First, we will assume that you have properly configured a Sonicwall failover and have tested it by disconnecting the primary WAN link and checking that it does in fact fail over to the secondary WAN. Note that this article is for situations where you have configured and tested Sonicwall WAN redundancy successfully during a test exercise, but it failed to work during a live situation.
Ping Responder Probe is not Checked On
One of the most common issues is that a ping responder is not set up. Sonicwall will ping responder.global.sonicwall.com to gauge whether or not the Internet is accessible. If this option is not checked, then Sonicwall will not roll over unless the WAN port shows as disconnected. This means that if your ISP router fails or the WAN cable is unplugged it will failover; but if the issue is with your ISP’s gateway or routing (which is usually the case) Sonicwall will not failover to the secondary WAN because the primary link is still active.

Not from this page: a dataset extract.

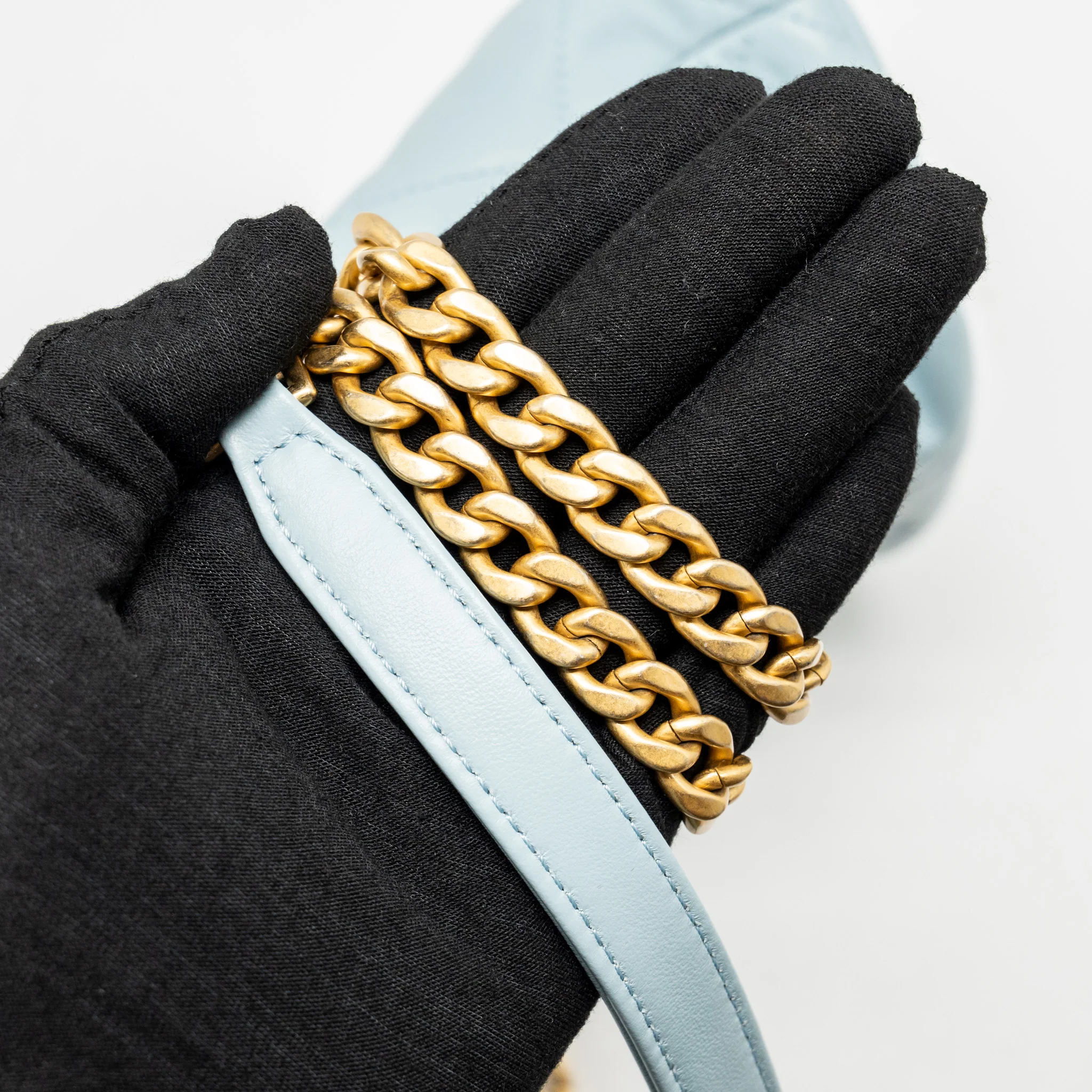 Chanel Enamel CC Bucket Bag Lambskin Light Blue GHW (Microchip) - Image 19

To avoid this type of situation, place a checkmark in the failover setting’s probe responder option as shown above. If the ISP has a routing or gateway problem, the FQDN will be inaccessible and the firewall will switch to the secondary WAN. If you don’t want to use Sonicwall’s responder, you can manually change it by logging in to the firewall’s advanced setting. To do this, log in the the firewall as admin, the change the URL to https://FQDNorIPaddress/diag.html as shown below.
In the internal settings, look for the Network and Failover Load Balancing settings and you will see a dialog box where you can input an IP address to be used as the failover health monitor.

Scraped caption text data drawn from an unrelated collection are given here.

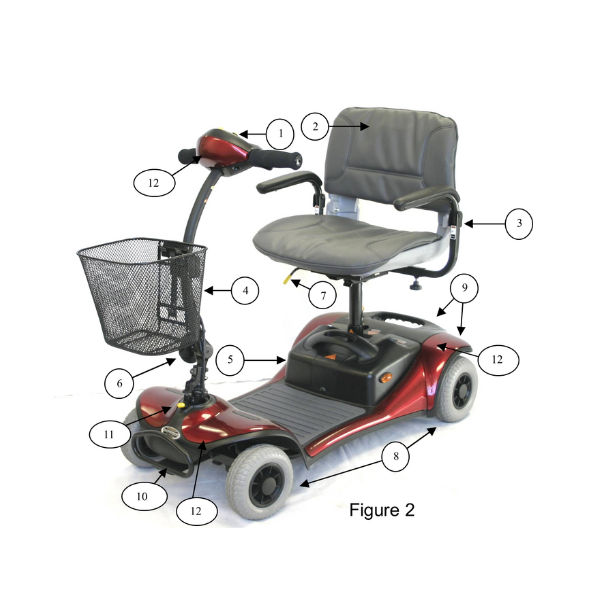 Shoprider® Dasher 4 Wheel Scooter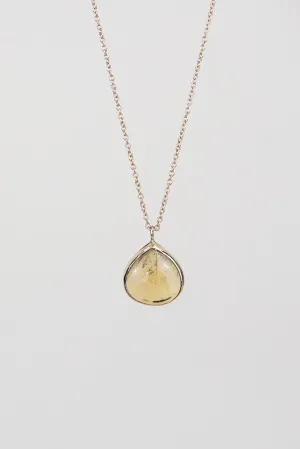 Dew Drop Necklace - Citrine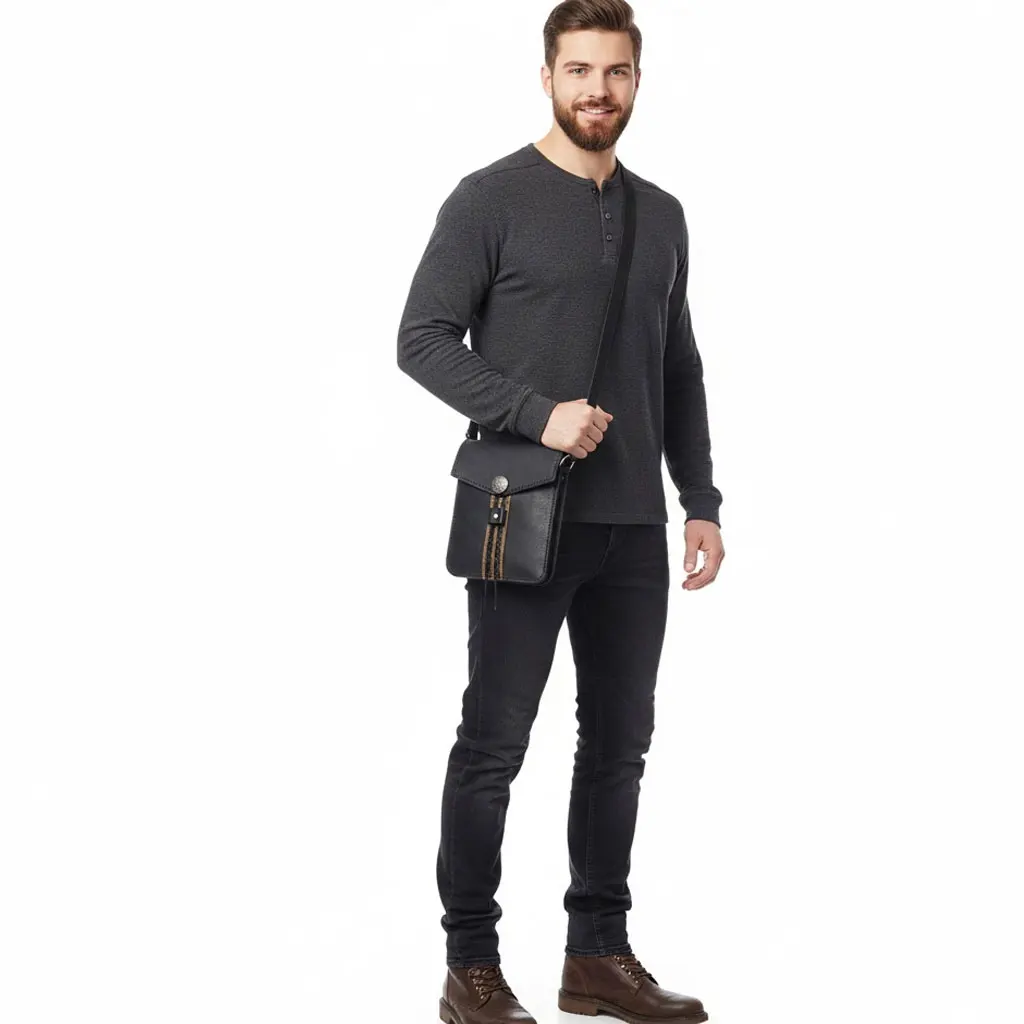 

Сумка для косплея в стиле ретро викингов: квадратная сумка с средневековой пряжкой для выступлений и фотографий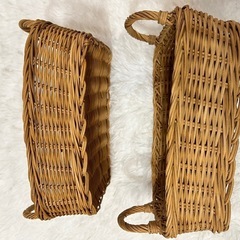 かご　2つセットの画像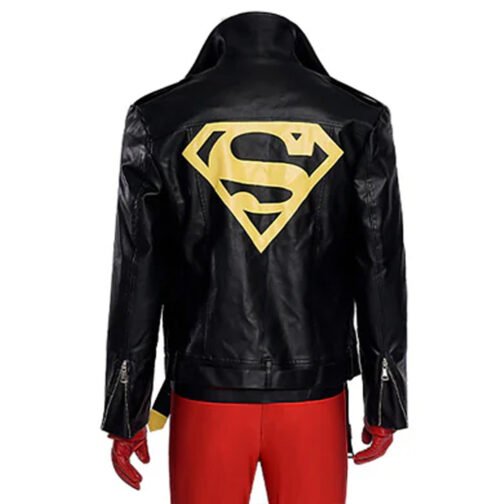 Superboy Comic Leather Jacket - Image 5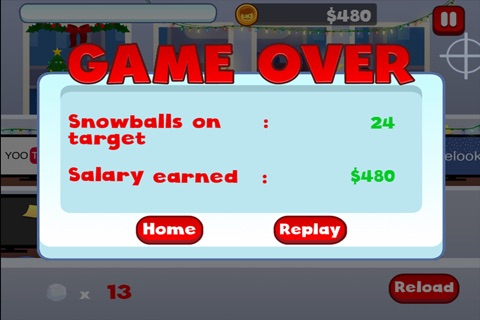 Snowball Office Fighting Fun screenshot 2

The Secondary ISP is not Working
Another common reason for redundant WAN failure is that at some point the secondary ISP circuit stopped working and nobody noticed!
Oftentimes, secondary WAN ISP circuits stop working due to unpaid bills, changes in configuration, problems in cabling and myriad other reasons. You don’t want to wait until the primary fails to realize that the secondary is not working. The best way to address this issue is to use a program such an OpenNMS to monitor your WAN IPs and alert you when there is a failure. In the graph below, a WAN link has failed to respond and OpenNMS will send an outage alert email to apprise the admin of the situation.
If you do not have a way to monitor your WAN links, you should periodically test your failover by simulating an outage. Unplug your ISP’s modem/router and check that the failover works. Do this at least one per month to avoid the secondary ISP failing and nobody knowing about it.
ISP Failover and Last Mile Redundancy
There are many ISPs but not many last mile providers. A last mile provider owns the link or links from the nearest COLO/CO to the customer’s premise, either via copper, fiber or wireless. In order to avoid running a dizzying array of costly cabling through telephone poles, ISPs often share each other’s last mile infrastructure at a predetermined price. This means that if a car crashes into one of those telephone closets you see on street corners or an excavator cuts a cable, both your ISPs will go down if they share the last mile.
To avoid this situation, check that your primary and secondary WAN links are not using the same provider’s last mile.